Setelah sekian lama, mungkin pemilik baru ini akhirnya kasihan, akhirnya dia diberikan jabatan baru yang terkesan diada-adakan untuk eksekutif seperti dia yaitu yang berkaitan dengan manajemen lingkungan seperti kesehatan dan keselamatan kerja. Tetapi dia ikhlas menjalaninya. Tanpa dinyana, karena dia menjalankan dengan senang hati, jabatannya berkembang dan dia menjadi orang penting yang sering keluar negeri.
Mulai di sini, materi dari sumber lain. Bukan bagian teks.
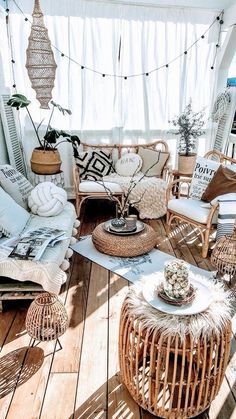 a living room filled with lots of wicker furniture next to a white curtained window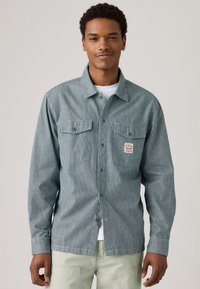 Blauw-wit gestreepte overhemd met knopen, voorzien van twee borstzakken, een klein logo-patch en een kraaghals. Gemaakt van katoen met een gestructureerde afwerking.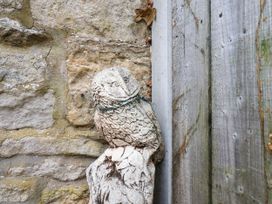 Owl sculpture on a stone wall at Owl in Pickering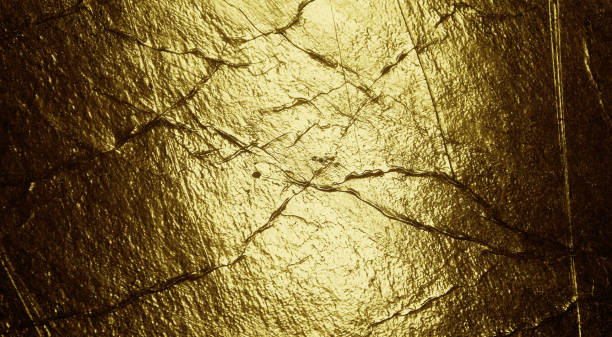 istock Grunge gold foil texture background with cracks and scratches 1291981935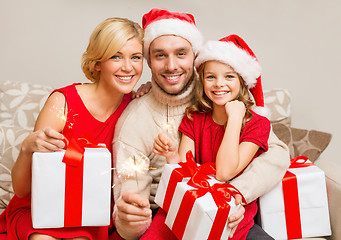 Image showing smiling family holding gift boxes and sparkles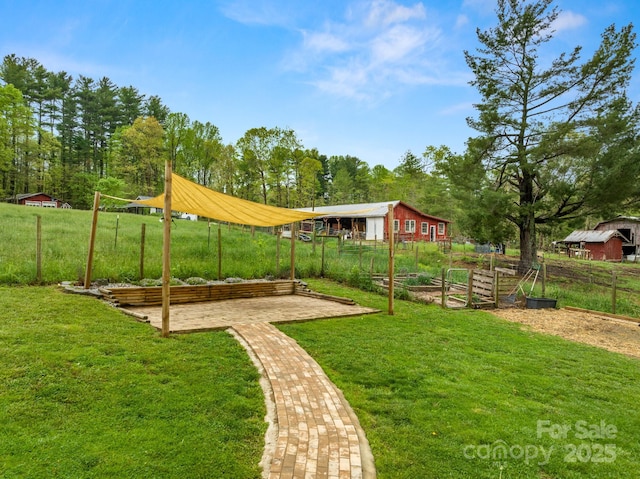 view of yard featuring a vegetable garden and fence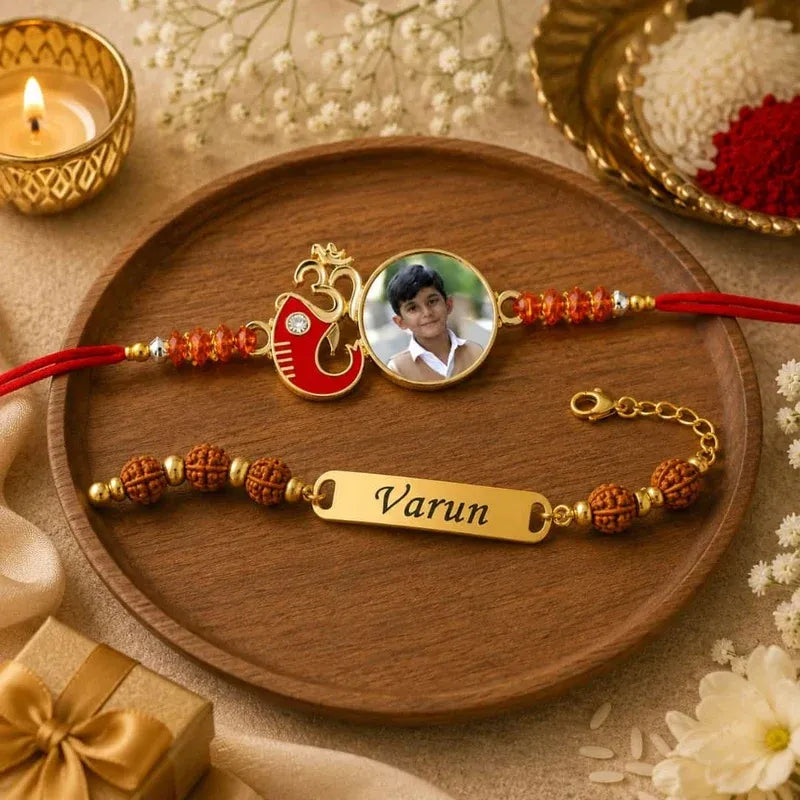 Two personalized Rakhi bracelets displayed on a round wooden tray. One bracelet features a red Om symbol, a circular photo of a young boy, and red beads.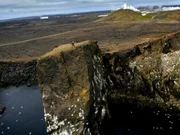 Dr. Robert Ballard standing at the cliff edge on the Reykjanes Peninsula.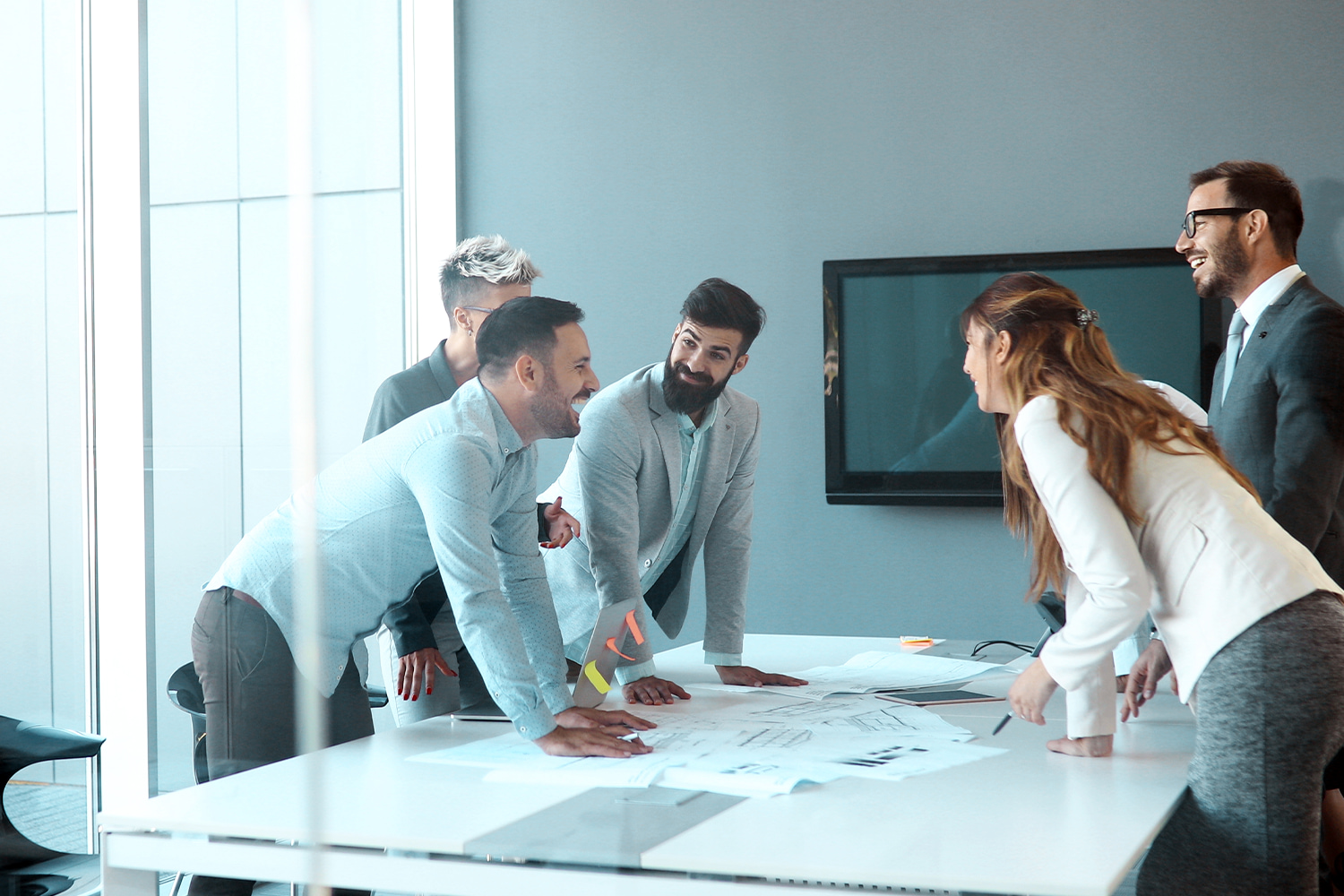 Professionals laughing over blueprints, showing the team culture at top employers in Utah.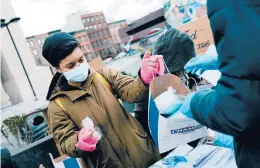  ?? JOSE A. ALVARADO JR./THE NEW YORK TIMES ?? New U.S. coronaviru­s cases have dropped by 21% in the last two weeks. Above, volunteers hand out face masks Monday in New York City.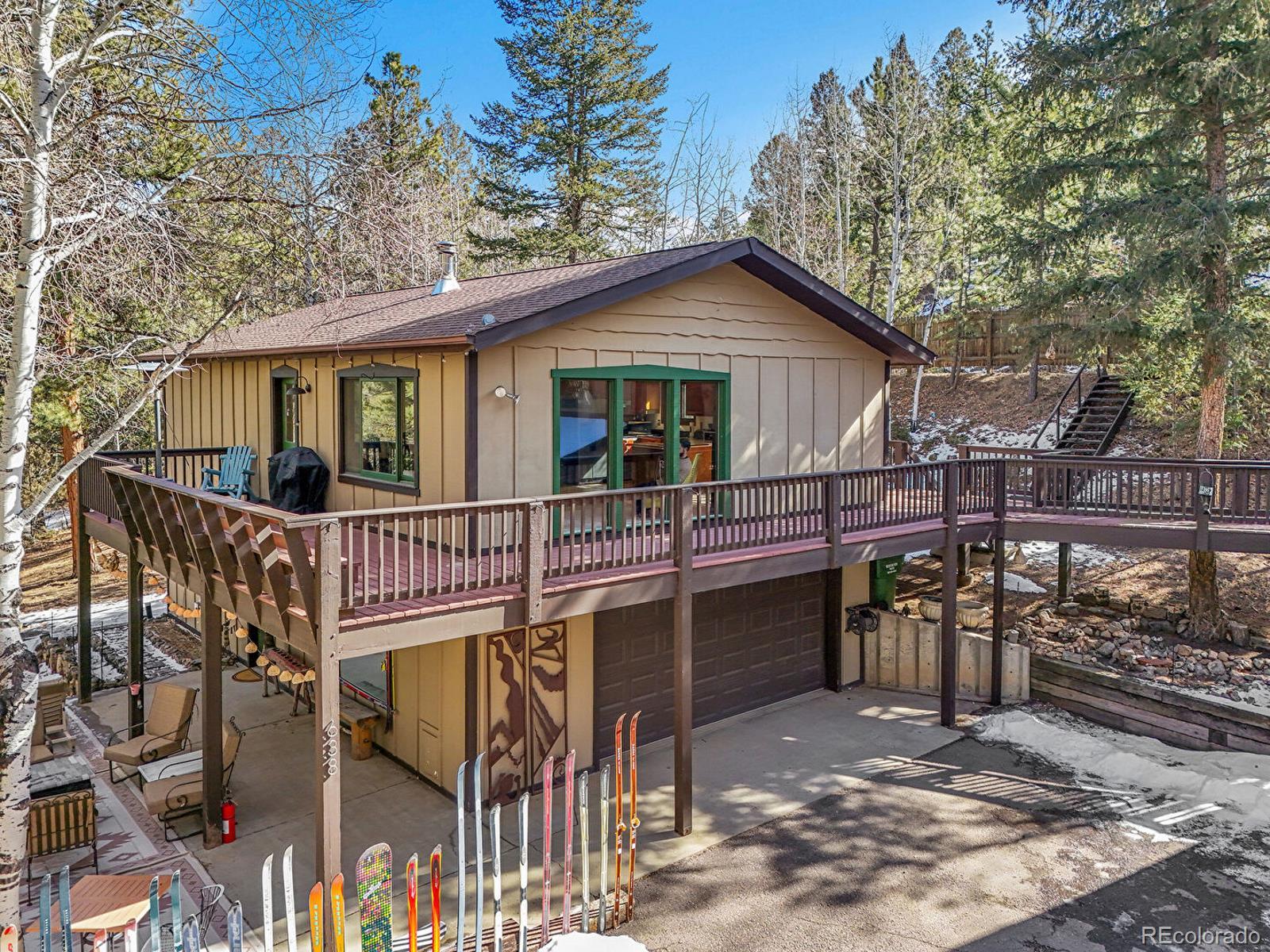 638 Impala Trail Bailey, CO 80421 - Photo 3 of 50 a view of a house with a yard and wooden deck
Tetapi. badai kembali datang, yang memaksa si eksekutif ini untuk keluar dari perusahaanya tersebut. Dengan perasaan serbaik sangka kepada Allah, dia menerima dengan lapang dada meskipun kini dia seorang pengangguran. Ternyata, jabatan kurang penting tentang manajemen lingkungan yang dulu dipegangnya membawa berkah. Sebuah perusahaan safety international di Amerika Serikat mengontaknya hingga akhirnya dia bekerja di perusahaan tersebut dengan gaji seperempatnya dari gaji yang dulu dia terima, walau begitu gaji yang dia terima dalam bentuk dollar. Rezeki dan nasib tidak bisa diterka, krisis membuat nilai tukar dollar dari Rp. 2500,- menjadi Rp. 15000,- (waktu itu), sehingga gajinya menjadi berkali-kali lipat.

True story ini membuahkan satu kesimpulan. Ada tiga kunci agar orang bisa sukses dalam kehidupan. Kunci-kunci ini disebut sebagai Segitiga Sukses kehidupan.

Segitiga ini berbentuk sama sisi. Dalam beberapa kondisi ia akan menuju ke salah satu sisinya, tapi kemudian akan segera kembali sama sisi dengan tindakan sisi atau sudut lain sebagai penyeimbang. Segitiga ini terdiri atas tiga titik sudut, yaitu Khusnudzan (berbaik sangka),Syukur, dan Sabar.

A. Kunci Pertama KHUSNUDZAN
Menurut sang eksekutif, kunci pertama sukses adalah selalu berprasangka baik kepada Allah. Apapun yang menimpa diri kita, apakah itu baik atau buruk, maka itulah yang terbaik bagi kita menurut-Nya. Bahkan ia tidak perduli lagi apakah yang menimpanya sesuatu yang baik atau buruk, yang ada dalam benaknya adalah berusaha sebaik mungkin dan hanya berharap pahala dari Allah SWT.

B. Kunci Kedua SYUKUR
Apabila sesuatu yang menimpa diri kita sesuai dengan keinginan kta, maka kunci kedua adalah syukur. Syukur karena masih mempunyai gaji meskipun jabatan rendah, sykur atas segala yang dialaminya. Jadi, bentuk syukur manusia adalah dengan mengucapkan terima kasih atau alhamdulillah, kemudian memanfaatkan rezeki ke jalan yang diridhai-nya. Selain itu, dengan bersyukur insya Allah, Allah akan menambah nikmat-Nya.

C. Kunci Ketiga SABAR
Apabila sesuatu yang menimpa diri kita tidak sesuai dengan keinginan kita, maka kunci ketiga adalah sabar. Kesabaran akan mudah dilakuka bila dikaitkan dengan kunci pertama, yaitu KHUSNUDZAN. Karena di balik semua itu, insya Allah selalu ada hikmah atau kebaikan yang tersembunyi.

Hikmah adalah makna hakiki yang terkandung dalam sebuah peristiwa. Hikmah selalu bernilai positif karena mencerminkan sifat Allah yang Ar-Rahman dan Ar-Rahim. Setiap peristiwa ada hkmahnya, ada manusia yang bisa menemukan, ada yang tidak. Kebiasaan mencari hikmah dalam setiap peristiwa juga mempengaruhi mudah tidaknya seseorang mendapatkan hikmah.